8. Do FDA's speech-related regulations advance the public health concerns they are designed to address? Are there other alternative approaches that FDA could pursue to accomplish those objectives with fewer restrictions on speech? For prescription drugs, speech related regulations are strongly needed to protect the public, but FDA's speech-regulations do NOT advance the public health concerns they are designed to address in relations to food supplements. FDA required statements are effective when required on known toxic substances, but when stated as --this product or information has not been reviewed by the FDA-- it becomes more of a joke among the public than helpful information. Jokes of this nature detract from the FDA and demean its importance.

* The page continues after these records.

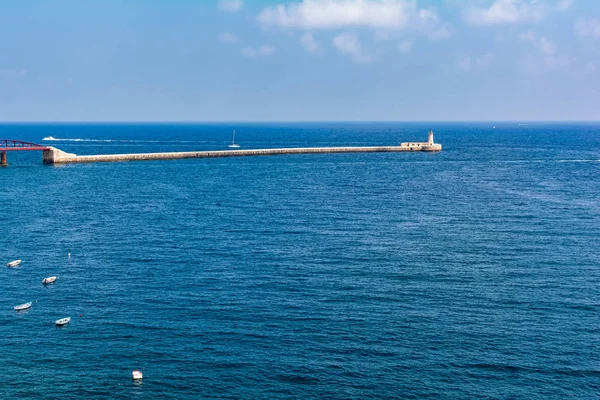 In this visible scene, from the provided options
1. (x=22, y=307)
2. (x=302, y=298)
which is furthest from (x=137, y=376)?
(x=302, y=298)

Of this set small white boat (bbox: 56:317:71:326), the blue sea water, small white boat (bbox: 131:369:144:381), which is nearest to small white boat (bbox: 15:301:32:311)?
the blue sea water

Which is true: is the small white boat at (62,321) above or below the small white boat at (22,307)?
below

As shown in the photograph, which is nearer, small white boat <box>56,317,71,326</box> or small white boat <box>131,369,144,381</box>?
small white boat <box>131,369,144,381</box>

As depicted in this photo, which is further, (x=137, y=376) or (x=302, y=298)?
(x=302, y=298)

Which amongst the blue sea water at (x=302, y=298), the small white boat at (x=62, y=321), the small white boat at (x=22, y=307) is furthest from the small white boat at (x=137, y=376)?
the small white boat at (x=22, y=307)

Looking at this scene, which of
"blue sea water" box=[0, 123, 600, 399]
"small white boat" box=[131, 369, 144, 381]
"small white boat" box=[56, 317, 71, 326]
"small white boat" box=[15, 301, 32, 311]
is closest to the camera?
"small white boat" box=[131, 369, 144, 381]

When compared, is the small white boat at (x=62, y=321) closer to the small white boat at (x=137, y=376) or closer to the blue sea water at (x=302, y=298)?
the blue sea water at (x=302, y=298)

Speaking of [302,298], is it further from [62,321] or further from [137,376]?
[62,321]

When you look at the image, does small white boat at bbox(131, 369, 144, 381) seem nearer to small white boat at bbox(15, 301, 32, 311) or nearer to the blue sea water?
the blue sea water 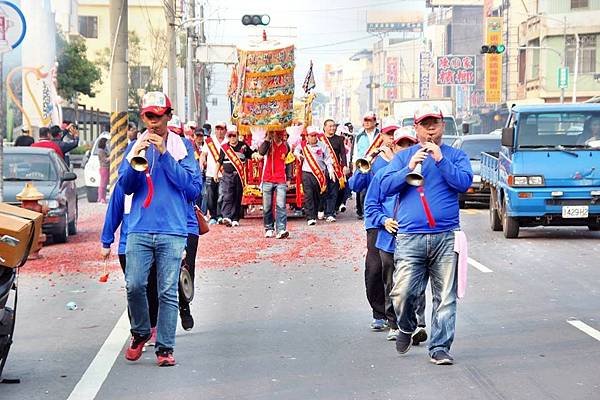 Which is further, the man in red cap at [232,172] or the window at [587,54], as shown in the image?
the window at [587,54]

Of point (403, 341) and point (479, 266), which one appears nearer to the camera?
point (403, 341)

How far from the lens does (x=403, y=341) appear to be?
8.67 m

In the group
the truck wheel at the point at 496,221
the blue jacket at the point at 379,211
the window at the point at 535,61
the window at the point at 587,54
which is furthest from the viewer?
the window at the point at 535,61

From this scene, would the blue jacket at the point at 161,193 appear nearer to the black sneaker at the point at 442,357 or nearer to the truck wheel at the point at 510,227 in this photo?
the black sneaker at the point at 442,357

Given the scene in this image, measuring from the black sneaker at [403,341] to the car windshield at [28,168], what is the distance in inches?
439

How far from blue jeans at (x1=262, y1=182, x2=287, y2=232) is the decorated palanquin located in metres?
1.20

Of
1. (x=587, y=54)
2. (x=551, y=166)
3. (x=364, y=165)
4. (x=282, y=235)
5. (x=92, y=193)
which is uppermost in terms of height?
(x=587, y=54)

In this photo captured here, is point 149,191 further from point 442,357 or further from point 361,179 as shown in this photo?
point 361,179

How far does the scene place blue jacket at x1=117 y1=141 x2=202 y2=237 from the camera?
822 centimetres

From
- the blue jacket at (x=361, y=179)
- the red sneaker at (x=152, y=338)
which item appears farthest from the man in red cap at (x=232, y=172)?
the red sneaker at (x=152, y=338)

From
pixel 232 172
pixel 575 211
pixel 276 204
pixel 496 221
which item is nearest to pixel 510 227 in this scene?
pixel 575 211

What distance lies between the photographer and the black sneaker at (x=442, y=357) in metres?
8.36

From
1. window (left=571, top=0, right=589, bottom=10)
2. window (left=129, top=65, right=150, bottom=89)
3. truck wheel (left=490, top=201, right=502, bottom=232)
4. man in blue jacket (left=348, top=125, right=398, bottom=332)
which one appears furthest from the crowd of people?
window (left=129, top=65, right=150, bottom=89)

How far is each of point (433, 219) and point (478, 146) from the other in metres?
20.1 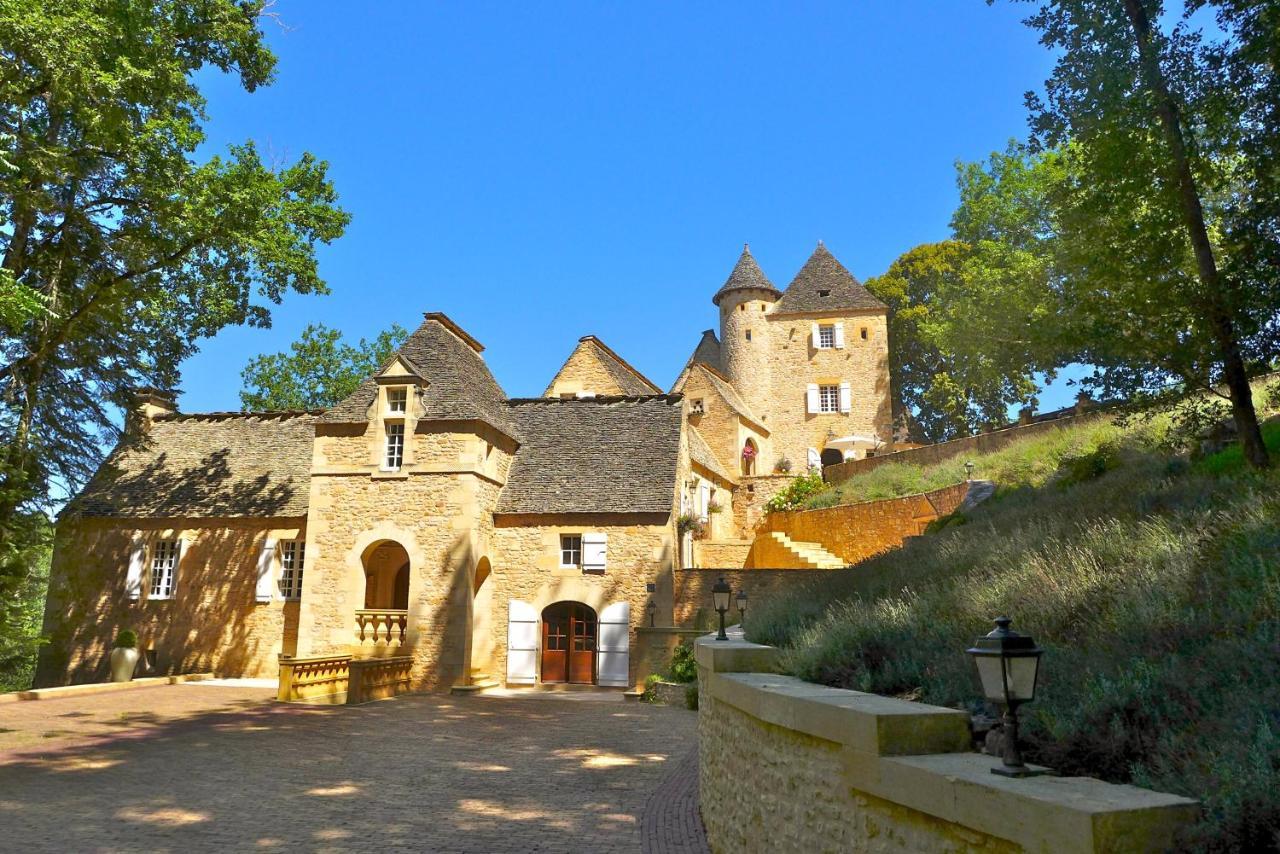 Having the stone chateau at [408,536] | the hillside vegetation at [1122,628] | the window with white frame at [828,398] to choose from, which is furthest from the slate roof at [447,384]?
the window with white frame at [828,398]

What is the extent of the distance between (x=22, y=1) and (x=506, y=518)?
1336 cm

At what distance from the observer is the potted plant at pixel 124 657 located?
20047mm

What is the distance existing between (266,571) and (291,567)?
623 millimetres

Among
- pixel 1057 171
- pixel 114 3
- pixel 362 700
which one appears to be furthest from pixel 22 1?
pixel 1057 171

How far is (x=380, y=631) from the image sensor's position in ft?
63.3

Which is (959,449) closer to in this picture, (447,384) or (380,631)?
(447,384)

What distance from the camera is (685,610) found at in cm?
2006

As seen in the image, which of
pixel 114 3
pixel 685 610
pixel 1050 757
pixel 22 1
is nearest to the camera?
pixel 1050 757

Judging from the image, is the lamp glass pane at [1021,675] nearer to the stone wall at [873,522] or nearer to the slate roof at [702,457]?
the stone wall at [873,522]

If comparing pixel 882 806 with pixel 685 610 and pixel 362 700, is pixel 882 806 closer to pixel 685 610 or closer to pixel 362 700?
pixel 362 700

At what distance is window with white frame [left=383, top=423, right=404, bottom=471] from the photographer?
20219 mm

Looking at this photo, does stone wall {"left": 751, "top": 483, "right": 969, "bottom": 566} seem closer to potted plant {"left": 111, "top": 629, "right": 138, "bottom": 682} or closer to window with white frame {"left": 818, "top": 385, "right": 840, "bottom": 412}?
window with white frame {"left": 818, "top": 385, "right": 840, "bottom": 412}

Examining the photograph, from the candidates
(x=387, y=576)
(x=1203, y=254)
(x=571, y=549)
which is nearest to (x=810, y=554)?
(x=571, y=549)

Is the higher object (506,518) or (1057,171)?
(1057,171) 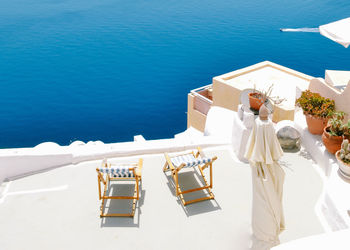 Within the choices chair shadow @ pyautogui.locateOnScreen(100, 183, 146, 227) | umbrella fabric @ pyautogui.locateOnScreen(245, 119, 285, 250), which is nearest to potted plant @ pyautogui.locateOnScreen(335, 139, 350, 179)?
umbrella fabric @ pyautogui.locateOnScreen(245, 119, 285, 250)

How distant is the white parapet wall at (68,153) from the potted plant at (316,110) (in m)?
2.17

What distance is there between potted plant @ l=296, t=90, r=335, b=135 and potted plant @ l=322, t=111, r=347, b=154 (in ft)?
1.29

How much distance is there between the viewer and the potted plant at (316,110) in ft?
30.5

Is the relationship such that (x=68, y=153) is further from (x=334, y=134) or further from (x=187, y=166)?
(x=334, y=134)

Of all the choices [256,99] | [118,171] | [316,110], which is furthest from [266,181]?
[316,110]

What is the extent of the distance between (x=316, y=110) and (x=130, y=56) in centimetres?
2667

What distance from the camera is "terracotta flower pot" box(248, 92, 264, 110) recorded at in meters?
8.71

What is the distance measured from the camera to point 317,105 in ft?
31.1

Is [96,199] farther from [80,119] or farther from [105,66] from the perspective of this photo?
[105,66]

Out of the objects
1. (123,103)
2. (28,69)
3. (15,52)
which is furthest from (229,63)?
(15,52)

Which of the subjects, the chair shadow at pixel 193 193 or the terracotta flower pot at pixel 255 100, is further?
the terracotta flower pot at pixel 255 100

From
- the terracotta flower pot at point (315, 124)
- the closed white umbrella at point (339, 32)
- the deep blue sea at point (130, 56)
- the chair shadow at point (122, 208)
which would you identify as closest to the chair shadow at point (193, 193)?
the chair shadow at point (122, 208)

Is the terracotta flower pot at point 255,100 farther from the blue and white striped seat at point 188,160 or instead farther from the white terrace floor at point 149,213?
the blue and white striped seat at point 188,160

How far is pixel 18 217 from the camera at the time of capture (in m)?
7.68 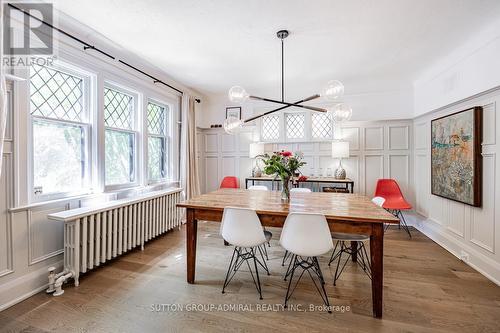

9. Are there any regulations, guidance, policies, and practices FDA should change, in light of governing First Amendment authority? Fighting health care providers and losing in court tarnishes the reputation of the FDA Each time you lose, it takes away from your credibility. Futhermore when you lose and ignore the court order, it fortells a day that congress will reduce your power. The public needs you-- its just that they want you to protect them in ways they have no ability to help themselves eg. Pharmaceuticals where the public has no knowledge. However, individuals can today reach a great level of competence by using the internet, searching medline, PDR, and thousands of other sources to identify supplements they want---but they have no way of knowing that what they ordered and paid for is really what is in the bottle. This is frightenly true for items coming from developing nations where DDT, and other toxic materials are legally used in producing foodstuffs, and supplements. Thank you for this opportunity to express my comments.